Without indexes, every query scans the entire table — fine for 100 rows, catastrophic for 10 million rows.

Creating Indexes

Sql

-- Single column index
CREATE INDEX idx_students_email ON students(email);

-- Composite index for queries filtering by multiple columns
CREATE INDEX idx_enrollments_student_course
ON enrollments(student_id, course_id);

Query Performance Comparison

| Condition | Rows Scanned | Query Time | |-----------|-------------|------------| | No index (full table scan) | 1,000,000 | ~800ms | | With single index | ~100 | ~2ms | | With composite index | ~1 | less than 1ms |

Using EXPLAIN to Analyze Queries

Sql

-- Check how MySQL executes a query
EXPLAIN SELECT * FROM students WHERE email = 'afrizal@mail.com';

-- Output:
-- type: ref  means index is used  (GOOD)
-- type: ALL  means full table scan (BAD)
-- rows: 1    means only one row scanned (GOOD)

Step Five: ACID Transactions

A transaction is a sequence of operations treated as a single unit.

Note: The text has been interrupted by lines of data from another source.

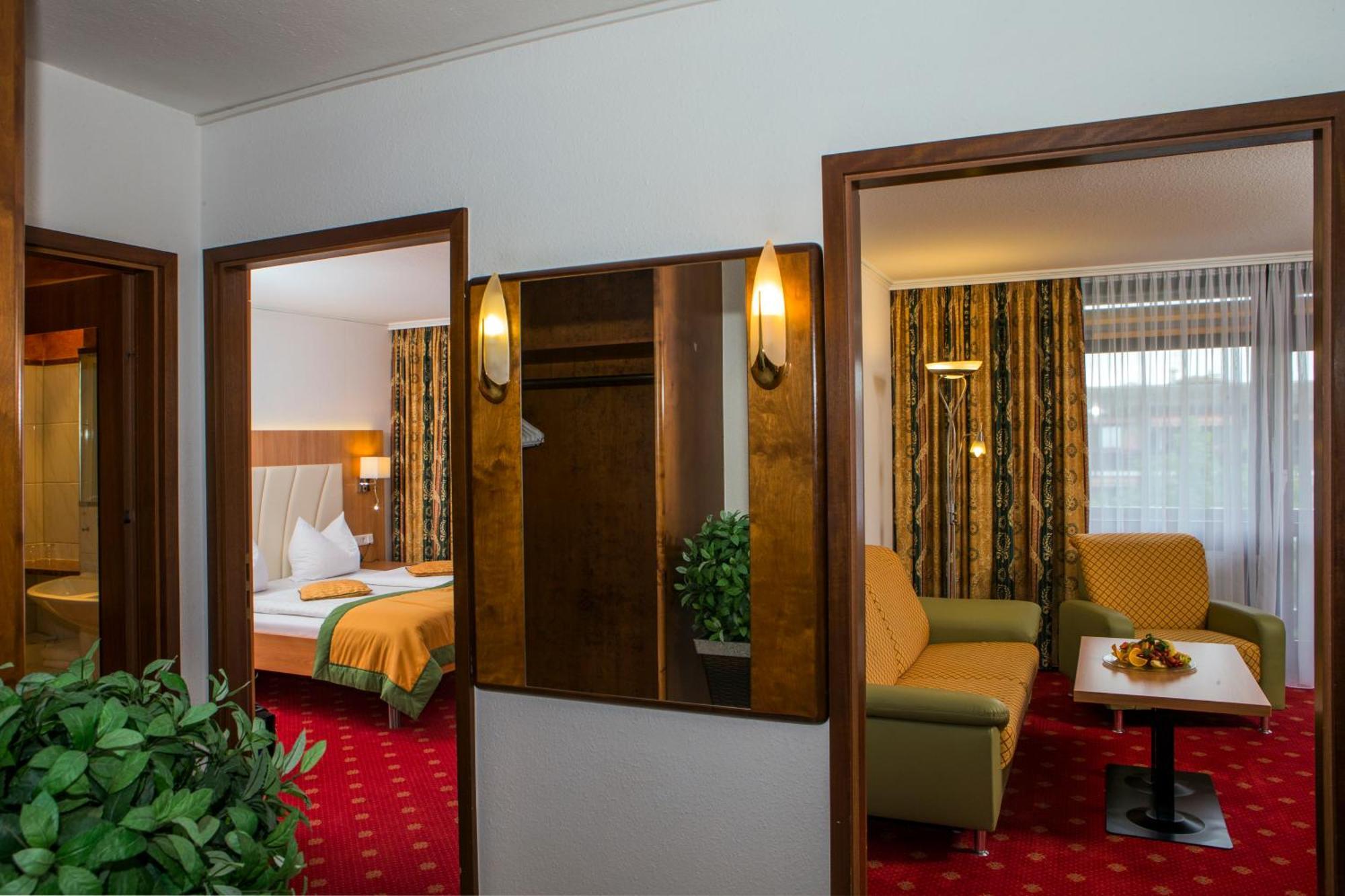 Johannesbad Thermalhotel Ludwig Thoma Bad Fussing Ngoại thất bức ảnh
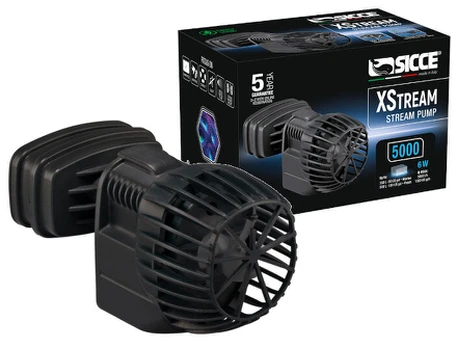 "Sicce XStream 5000 WAVE CIRCULATION PUMP, "Sicce XStream 5000 WAVE CIRCULATION PUMP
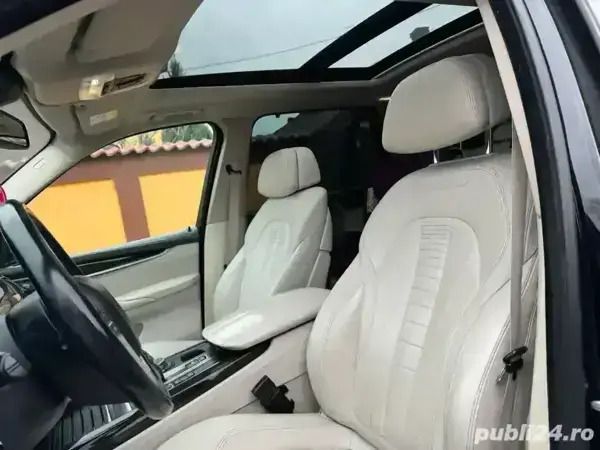 Second-hand BMW X5 258 CP (189 kW) 2015 Negru SUV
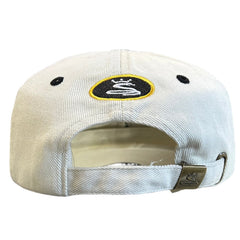 Vintage Cobra Golf Beige Strapback Hat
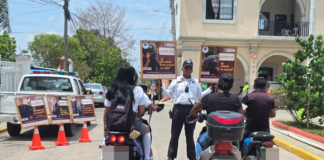 Fortalece Policía Vial estrategia nacional “Piensa, lleguemos a salvo”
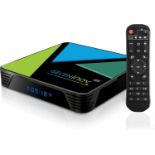 RRP £30.99 Android 10.0 TV BOX, Smart TV Box G5 4GB RAM/32GB ROM 3D 4K@60Hz High Resolution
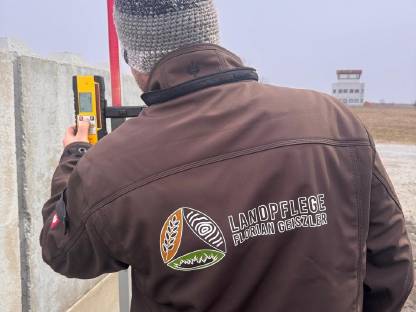 Bild 3:Laserplanie, Neigungslaser, Gräder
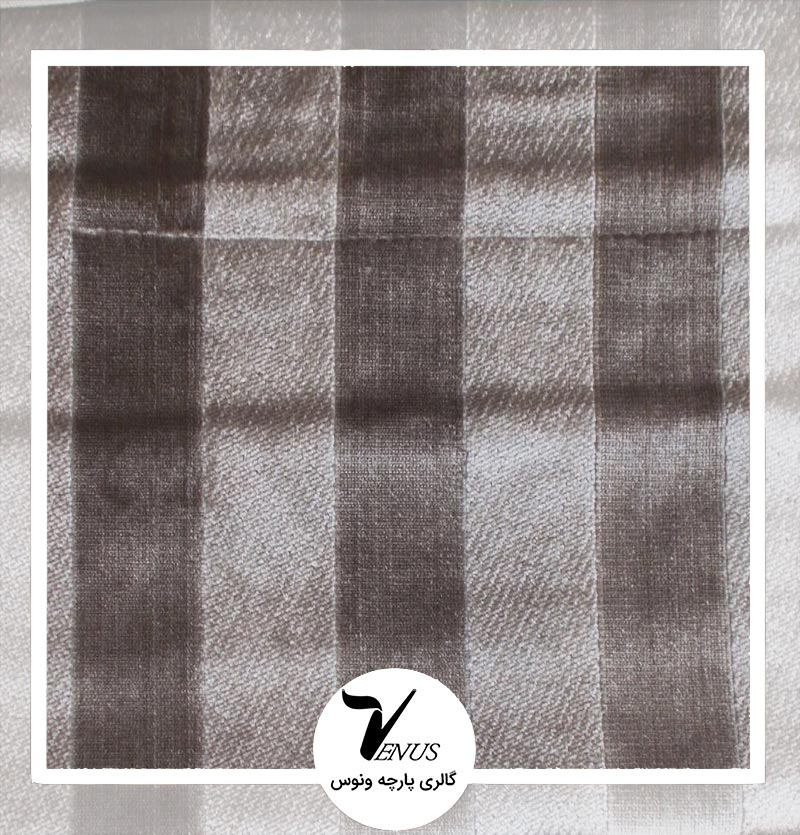 پارچه مبلی اویپک ستا رنگ طوسی طرح 7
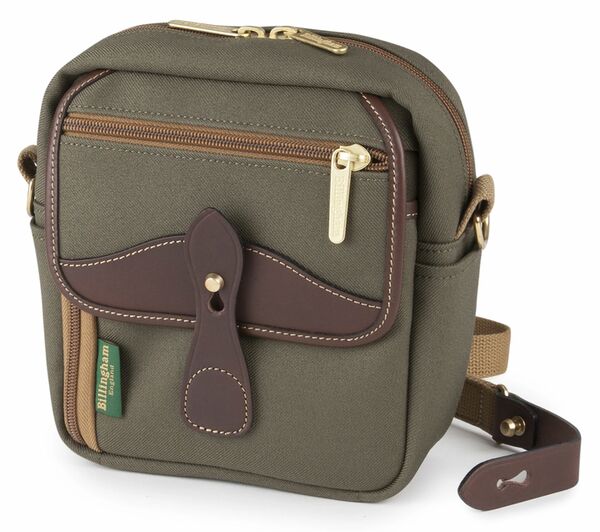 Billingham Stowaway Pola Fibrenyte  Sage/Chocolate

ACID properties guarantee reliability even when things go wrong.

A — Atomicity    : All operations succeed, or none of them do
C — Consistency  : Data always moves from one valid state to another
I — Isolation    : Concurrent transactions do not interfere with each other
D — Durability   : Committed data survives system crashes

Transaction Example

Sql

-- Transfer balance between two accounts
-- Without transaction: a crash halfway leaves inconsistent data
-- With transaction: either both operations complete, or neither does

START TRANSACTION;

UPDATE accounts SET balance = balance - 500000 WHERE id = 1;
UPDATE accounts SET balance = balance + 500000 WHERE id = 2;

-- If both succeed
COMMIT;

-- If anything fails
ROLLBACK;

Optimization Tips for Database Design

Choose the Right Data Types

Using the wrong data type wastes storage and slows queries:

Sql

-- Bad: storing numbers as strings
CREATE TABLE products (
    price VARCHAR(20)
    -- BAD: cannot do math operations, wastes space
);

-- Good: use appropriate numeric types
CREATE TABLE products (
    price  DECIMAL(10, 2),
    -- GOOD: exact decimal for money
    stock  INT UNSIGNED,
    -- GOOD: no negative stock values
    rating TINYINT
    -- GOOD: small range (1-5), saves space
);

Avoid the N+1 Query Problem

Sql

-- Bad: 1 query to get all students + N queries for each enrollment
SELECT * FROM students;
-- then for each student:
SELECT * FROM enrollments WHERE student_id = ?;
-- this runs N times, once per student

-- Good: 1 query using JOIN
SELECT students.name, COUNT(enrollments.course_id) AS total_courses
FROM students
LEFT JOIN enrollments ON students.id = enrollments.student_id
GROUP BY students.id;

Use Connection Pooling

Opening a new database connection for every request is expensive. Connection pooling reuses existing connections:

Python

# Using SQLAlchemy connection pool in Python
from sqlalchemy import create_engine

engine = create_engine(
    "mysql+pymysql://user:pass@localhost/dbname",
    pool_size=10,       # maintain 10 persistent connections
    max_overflow=20,    # allow up to 20 extra connections
    pool_timeout=30     # wait max 30s for an available connection
)

Conclusion

The journey from a flat text file to a well-structured relational database requires careful thinking at every stage. Normalization, proper indexing, and ACID transactions are what separate a database that works in development from one that holds up in production. The key lesson from database fundamentals: structure is everything. A poorly designed schema that works for 1,000 users will completely fall apart at 1,000,000. Design for relationships first, optimize for performance second, and never skip transactions when data integrity matters.